By Amanda on May 31st, 2006
I’m back from a trip to DC with my friend R. to see the National Opera’s production of La Clemenza di Tito this past Saturday night. There’s a pretty thorough review of this production over at ionarts, with which I mostly agree. I thought Marina Domashenko, as Sesto, and Cristina Nassif (that night’s Vitellia) were the standouts in the cast; I liked Jossie Perez’s Annio too. Hoo-Ryoung Hwang, as Servilia, had a somewhat buzzy quality to her vibrato that I found kind of distracting, but she and Jossie Perez had so much chemistry in their scenes together that I almost didn’t care. I found Michael Schade’s Tito a bit forgettable, though he seemed to warm up as the evening went on. And I liked Vitellia’s bright red dress of crazed wannabe empress-dom (with matching tiara and staff), the one outrageous element in an otherwise rather sombre-looking production.

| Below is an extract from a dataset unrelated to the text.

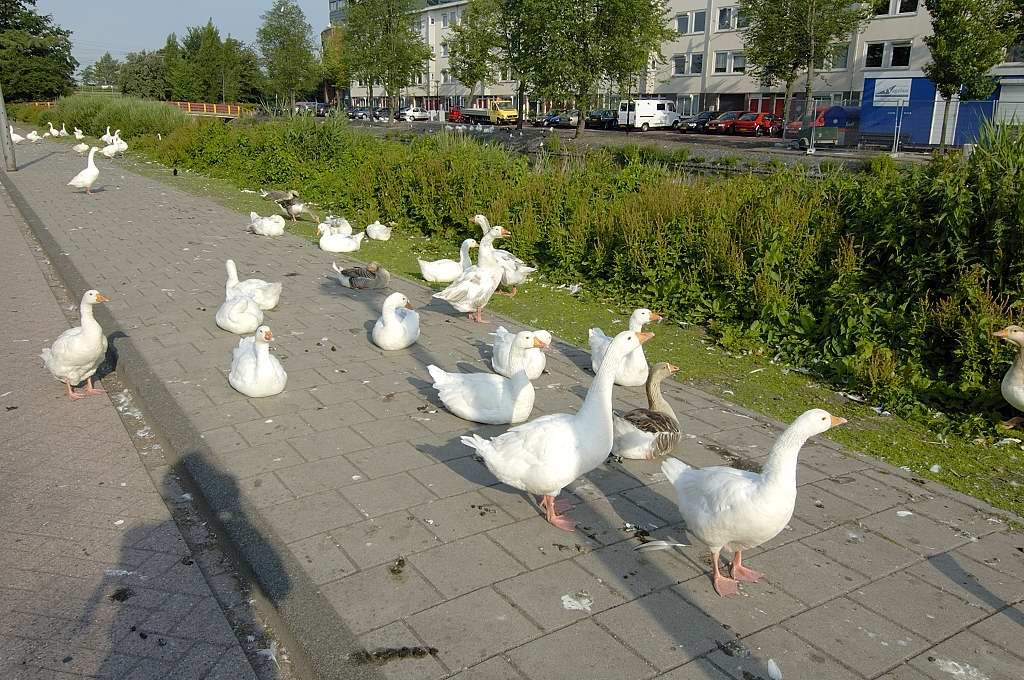 Oosterringdijk - Amsterdam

It’s an odd opera, to be sure, and not to everyone’s taste, partly because the conventions of opera seria seem contrived to the modern audience, but also because Tito, its supposedly central figure, is so heavily idealized. He corresponds only loosely to the historical Roman emperor Titus, and he resembles probably no real ruler ever, what with his impossible niceness and his penchant for pardoning people who try to bump him off. (In his first scene, presented with a huge haul of tribute, Tito immediately allocates it for disaster relief for the victims of the explosion of Mt. Vesuvius. He also insists that he’d rather have his people obey him out of love than out of fear; he’s the kind of ruler Machiavelli would have found eye-rollingly exasperating.)
In this production, the harder-to-swallow moments were played for laughs. When Vitellia sends Sesto off to assassinate Tito in revenge for Tito’s refusal to marry her, and then finds out seconds later that Tito wants to marry her after all, we all giggled; we giggled some more when, at the end of the scene, she abruptly turned around and dashed off after Sesto. Watching, I wondered if any of these moments would have struck 18th-century audiences as comic, or whether the conventions would have been as unremarkable to them as certain cinematic conventions (e.g. the fruit cart rule, or the way a shaky handheld shot of the back of a character’s head signals their imminent doom) are to us.*
But then there was the scene with the burning of the Capitol, and Sesto’s gorgeous arias, and the scene where Annio and Servilia try to do the selfless thing and renounce each other but can’t, all of which were a bit like wandering into a different opera. All of which made me wish I’d been there to see it on its very first night in 1791.
* Years ago, in a graduate seminar on early modern English literature, a bunch of us had a long discussion about how it’s impossible to read The Revenger’s Tragedy nowadays as anything but over-the-top farce. (Parts of the last scene, in particular, are straight out of Monty Python.) And we all boggled over the difficulty of entering into the minds of the original audience: did they think they were seeing gruesome tragedy, or would they have laughed? And if they didn’t find it funny, what other parts of their inner world were closed off to us?